We all have them, the depressed and neurotypical alike. The difference, I think, is in how we respond.
Days that suck, days that make us think we shouldn’t have bothered getting up happen to everyone. Days when the milk is sour, so no cereal, and the car maintenance light comes on and you can’t afford repairs, and the corner store is out of diet Pepsi, and work is hellish, and you get home to find the cat vomited all over the carpet in the front hall. Those kinds of days.
My friend had one recently, as did I. The difference is in how we reacted. She bitched about it via text, vented about the day’s problems on social media, and drowned her sorrows with several glasses of wine and a bowl of chocolates. She didn’t take a bad day and decide it meant her world was coming to an end.
I had a bad day and retreated in terror.
When bad days hit, I fail to recognize that a diminished mood is an appropriate response to shitty circumstances. Instead, I start to panic, convinced I’m once more sliding into depression’s pit, doomed to live out my days in darkness.
Emotions are problematic when you struggle with mental illness. You’re never entirely sure a cigar is just a cigar and not a harbinger of doom.
It comes down to how we look at things. My friend looks at the bad day in the context of her whole life. Overall, things are pretty good. She sees her life in its totality. There are some bad days but mostly things are good. I, on the other hand, get tunnel vision. I look at a hard day or a setback as an indicator of how things will be from now on.
Life is hard and it will always be like that. Things will always suck for me.
That evaluation is not true, of course.
I struggle with mental illness and have for years but I’ve also had good days. There have been good times. My life is not a pile of misery unleavened by redeeming moments. I forget that when bad things happen; I forget that when I think I’m falling. I panic and, as panicking is wont to do, make things worse.

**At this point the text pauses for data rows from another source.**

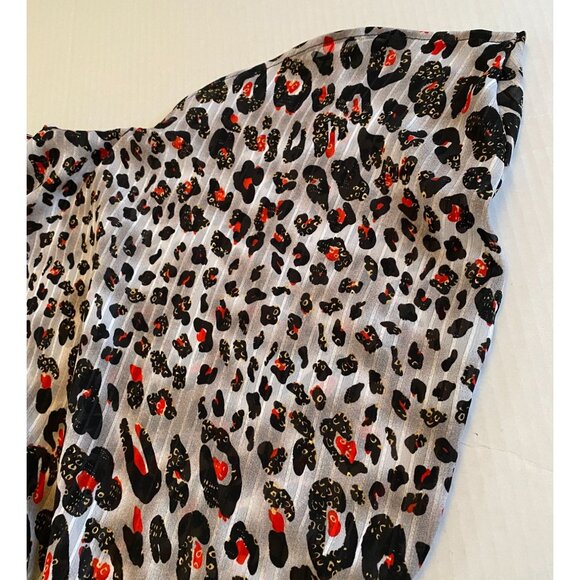 Womens Custom Made Red/Black Geometric Print Blouse with Petal Sleeves Size 22 - Picture 7 of 8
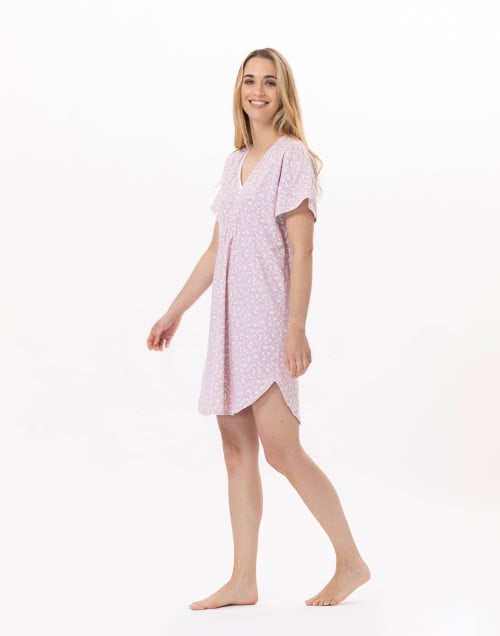 Chemise de nuit en coton CALISSON 901 Rose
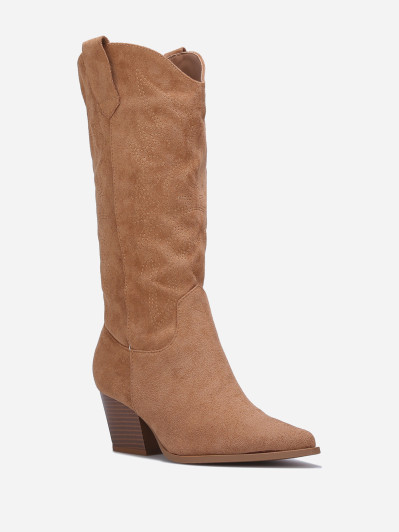 Bottes santiags en suédine à broderie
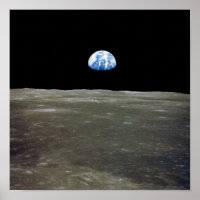 Earth from Moon in Black Space: Earthrise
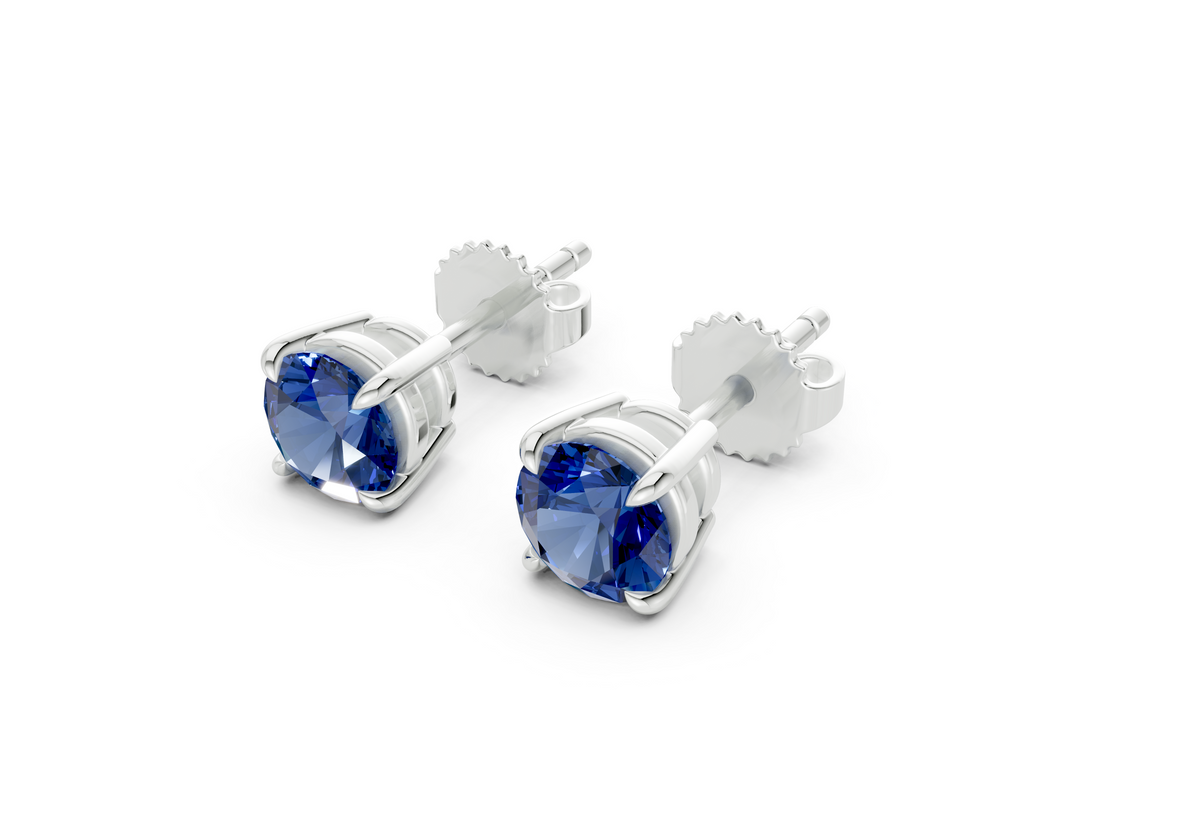 Geneva Classic Sapphire Gemstone Round Cut Studs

I over-react. I catastrophize.
Today is bad, and all days are bad, and all the days will always be bad.
I spend too much time sweating the small stuff, the transitory moments. If you pay minute attention to something, all you see is the flaws. You think that lesson would be front and centre in my mind since hyper-focus and overgeneralizing are a big part of the eating disorder mindset, but it isn’t. Looking at the big picture is not my default setting. Obsessing over the shitty is.
Luckily, though its not easy, default settings can be changed.
We can teach ourselves to look at more than just the now. We can teach ourselves to focus on the big picture. We can learn to let go of the bad days.